La comunicación vista de esta forma, es decir relacionalmente, no hace más que ratificar nuestra condición humana y se muestra como la base de la socialidad en la que existimos. Como decía Michel de Certeau con su genialidad de siempre, la comunicación  “se refiere a la singularidad de un lugar particularizado como intersección de caminos individuales, transformado en punto de confluencia”. Es decir, la comunicación muestra la singularidad de la persona a la vez que su capacidad socializadora.

Segundo, hay que reconocer que lo que predomina en nuestra atmósfera de opinión es un abanico de visiones estrechas y reductivas de la comunicación social. Ideas tales como “la comunicación es cosa de los medios” (o de los expertos, es decir de los periodistas) o que la comunicación tiene que ver con “la libertad absoluta para decir lo que se quiera”, sin que exista la más mínima posibilidad de regulación o intervención estatal, no hacen sino ocultar el trasfondo del eco-sistema comunicativo y sus jerarquías.

Tercero. La comunicación implica poder, y ese poder puede ser emancipador o estar al servicio de la dominación social. Los medios de comunicación comunitarios sirven como “mediadores” entre los sujetos, posibilitando su interacción para enfrentar las viscisitudes del mercado y recuperando los valores más “humanos” de las personas y los colectivos, articulándolos con los grandes objetivos del Buen Vivir.

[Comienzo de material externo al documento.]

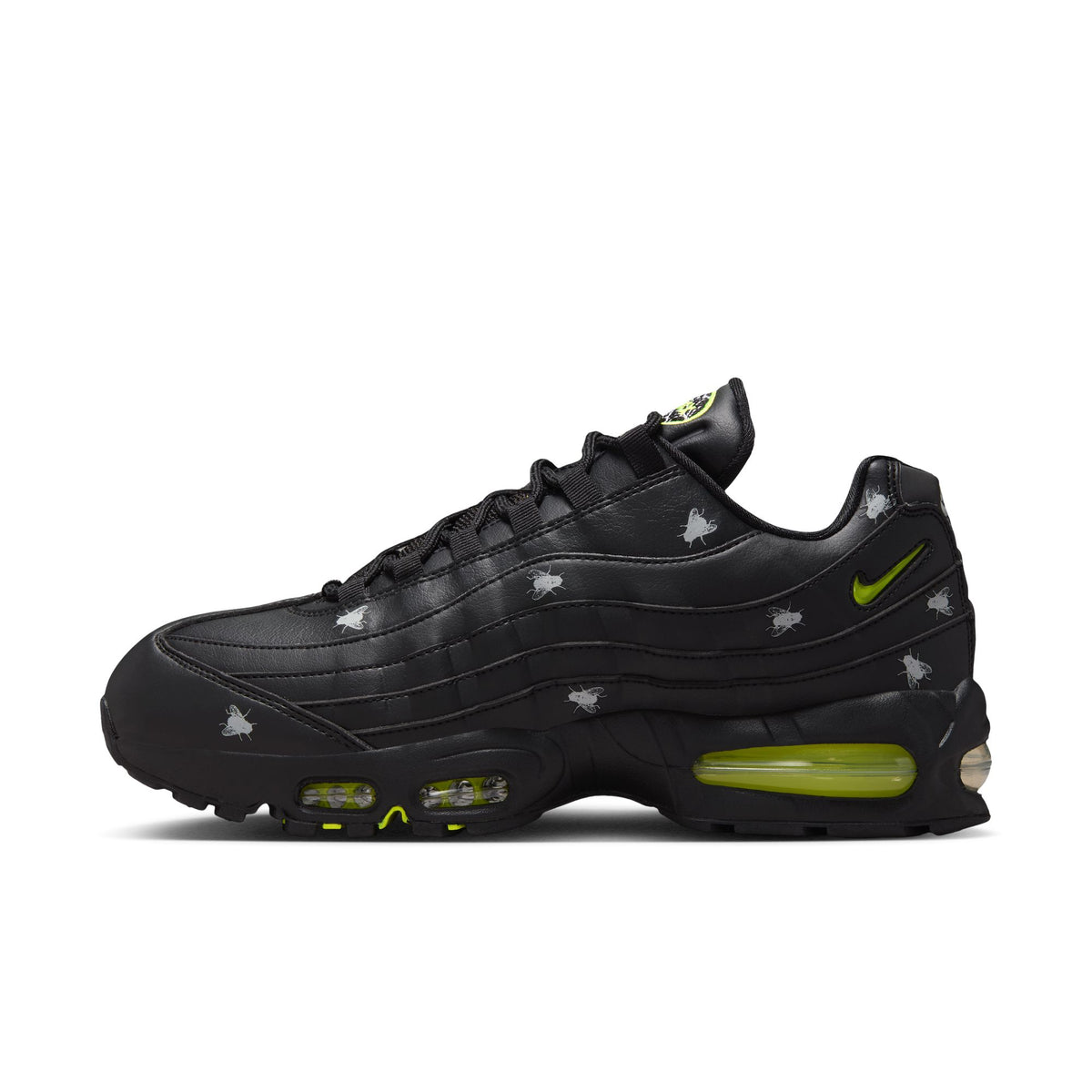 Air Max 95 PRM - Black/Neon Yellow/Black/Metallic Dark Grey IM3082-001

Cuarto. Comunicarse es siempre establecer un compromiso y una vocación: con los más silenciados, los más invisibilizados, los más discriminados y explotados. O al revés: servir para silenciar, excluir a las mayorías, someter a los más débiles al poder. En este sentido, el posicionamiento de los medios comunitarios es claro: confrontar las asimetrías y los abusos y apostar por el cambio estructural expresar, encarnando la lucha de los pueblos.

Estamos, pues, en un momento único y quizá irrepetible. La comunicación en el país no volverá a ser la misma que era hasta el 2006 con la Constitución de Montecristi y los derechos de comunicación e información ahí plasmados. Lo irreversible del proceso es más claro aún con la Ley Orgánica de Comunicación. Estos dispositivos del Derecho revelan las nuevas reglas de juego. Estas normas marcan la dirección de las luchas por ejercer derechos nuevos por parte de sujetos emergentes. Hay procesos políticos inéditos alrededor de temas antes desconocidos que requieren una voluntad insobornable de transformación radical hacia una sociedad más democrática, desde la generación de nuevas prácticas comunicacionales, o sea desde la construcción de nuevas relaciones humanas más horizontales e igualitarias.

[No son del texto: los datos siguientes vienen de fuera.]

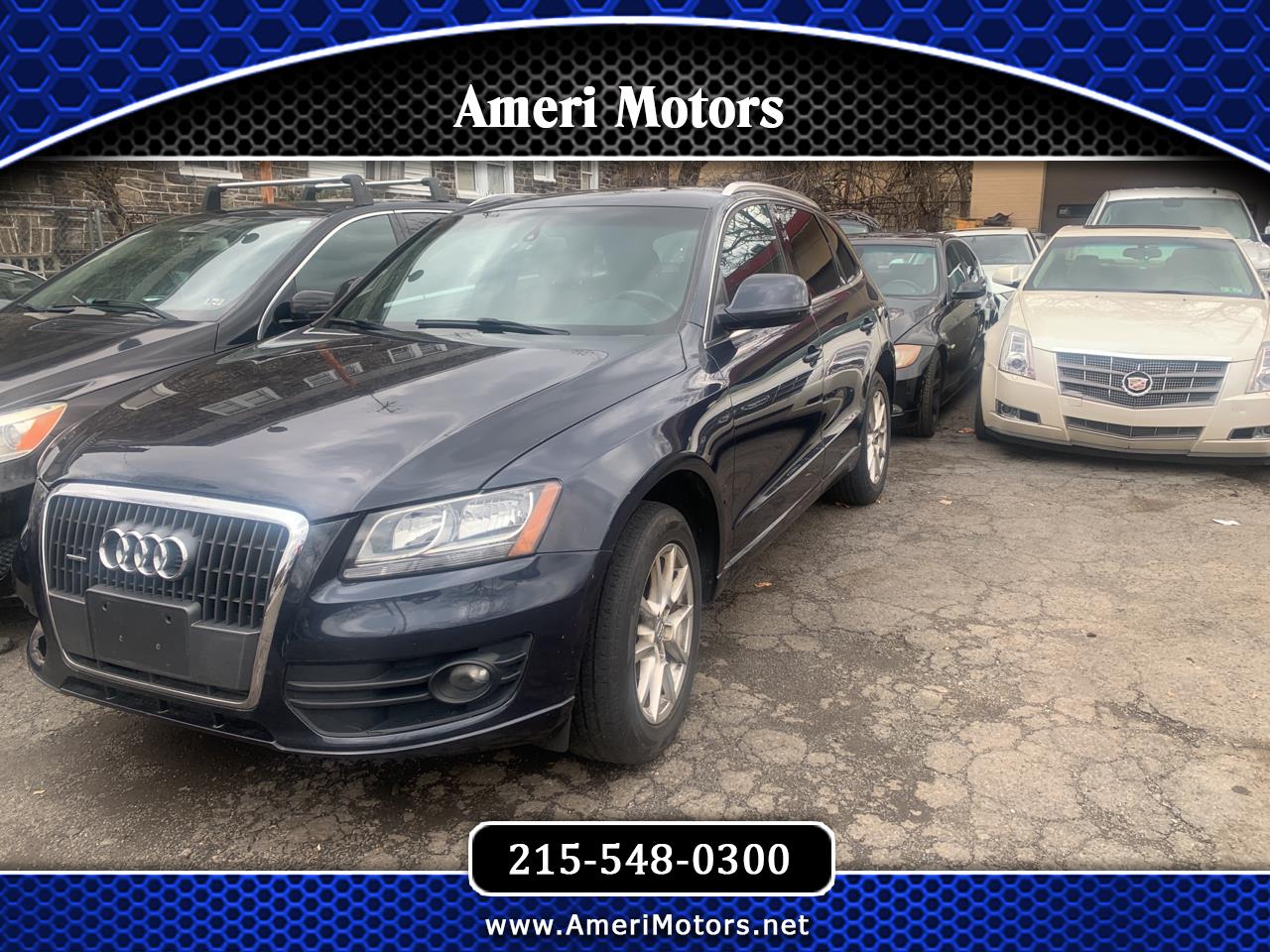 2012 Audi Q5 quattro 4dr 2.0T Premium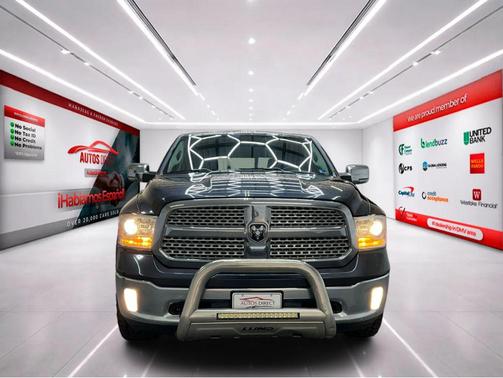 Maximum Steel Metallic Clearcoat 2016 RAM 1500 Laramie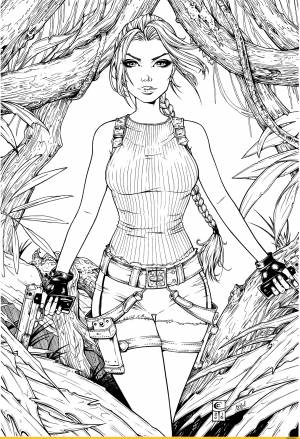 Lara Croft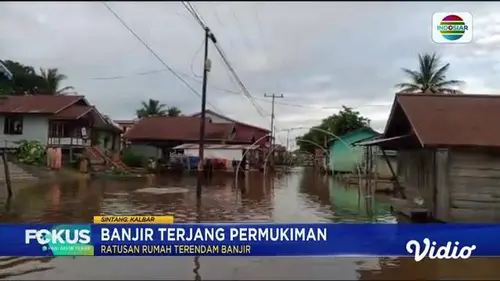 Fokus Pagi : Angin Puting Beliung di Jakarta Terjang Permukiman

La comunicación en el país no sólo debe ajustarse al nuevo marco normativo, sino crear condiciones objetivas para beneficiar a los “olvidados de la tierra”. Reconocernos todos como interculturales y diversos y descubrir a la vez lo que tenemos de “común” con los otros y dónde cruzamos nuestros caminos para “igualarnos” como sujetos sociales. No es un tema de cambiar unos medios por otros, o de desechar ciertos contenidos empobrecidos o de renovar las tecnologías.

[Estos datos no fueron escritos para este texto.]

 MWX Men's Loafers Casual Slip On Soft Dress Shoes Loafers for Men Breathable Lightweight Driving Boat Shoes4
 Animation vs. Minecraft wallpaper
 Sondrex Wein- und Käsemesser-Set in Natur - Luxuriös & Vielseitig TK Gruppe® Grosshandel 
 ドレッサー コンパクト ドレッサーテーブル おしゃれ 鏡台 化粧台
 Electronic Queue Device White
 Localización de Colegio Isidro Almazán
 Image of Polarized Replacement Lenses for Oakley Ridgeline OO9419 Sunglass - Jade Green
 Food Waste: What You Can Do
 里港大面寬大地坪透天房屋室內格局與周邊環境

Así, la comunicación comunitaria reclama que recuperemos lo alternativo, lo popular y lo cotidiano de la comunicación. Si bien las reformas de fondo generalmente se deben propiciar de arranque desde arriba, no podrán mantenerse en el tiempo si no se consolidan “desde abajo”. Y en este punto, la presencia protagónica de los medios comunitarios en el mediano y largo plazo es el desafío mayor del proceso.